Don Bradley wrote: ↑Tue Jun 14, 2022 10:19 am
Really--how does your model that Smith compared the Kinderhook plates to Nephite script and found they were the same characters and translated from them by revelation predict or account for him identifying them as
Jaredite? Under your model, that's anomalous.
Stage One:
Paul Osborne wrote:The twenty-four gold plates discovered by the people of Limhi from graves of the Jaredites in the northern land during Nephite times reminds me of the discovery of six brass plates found buried in the Kinderhook grave during Smith’s time. Both graves were accompanied with bones and plates. The first thing a translator will want to do is determine their origin and who was buried with them. The ORIGIN is the key. The plates were buried in a grave with bones of those who perished long ago. WHO were those people and WHERE did they originate? Those are the questions in which a translator must determine. A similar circumstance occurred during the Zion’s Camp march of 1834 when Smith uncovered a grave under a mound and identified the bones of a Nephite general named ZELPH. Smith always seemed to have an answer to everything wherever he went. With regard to the Kinderhook plates, Smith opted for an earlier epic than that of the Nephites and Zelph; even more ancient! He decided to date and associate the origins of the Kinderhook plates to the Jaredites who are described thoroughly in the Book of Ether. Mahonri Moriancumer and the Jaredites originated from ancient Mesopotamia during the great tower which was long before Abraham’s time. It was said they left when languages were confounded but they were privileged to maintain their own language with the vision that they would be taken to a promised land by the power of God. Interestingly enough, the Book of Ether says absolutely nothing about anyone or anything being of Egyptian heritage. We are led to believe in the Book of Ether that the Jaredites were a pure people of one language and one race. But were there?

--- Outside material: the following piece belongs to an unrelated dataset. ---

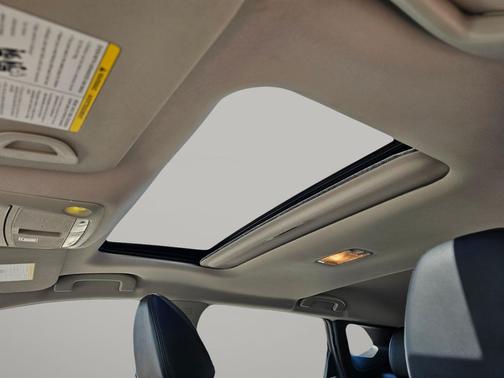 2018 Nissan Rogue Sport SL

With that, it could be said that Joseph Smith later imagined Jared and his brother bringing an Egyptian couple along with them as friends of the family and converts to their religion. It’s possible that Joseph Smith was ready to invent and add new stories to the Jaredite account in America, compliments of the Kinderhook plates.
And so it begins.
Paul,
The idea that Joseph was thinking about possible other Jaredite groups is fascinating. Early on in my thinking on the Kinderhook plates (before I saw them connected with the GAEL), the idea occurred to me that maybe the descendants of Ham came to Joseph's mind in 1843 because he was thinking about the lineage of Ham, and particularly the biblical "curse" on that lineage in relation to the question of American slavery. After all, it was less than a year later that he began running for president and proposed a solution to the slave crisis.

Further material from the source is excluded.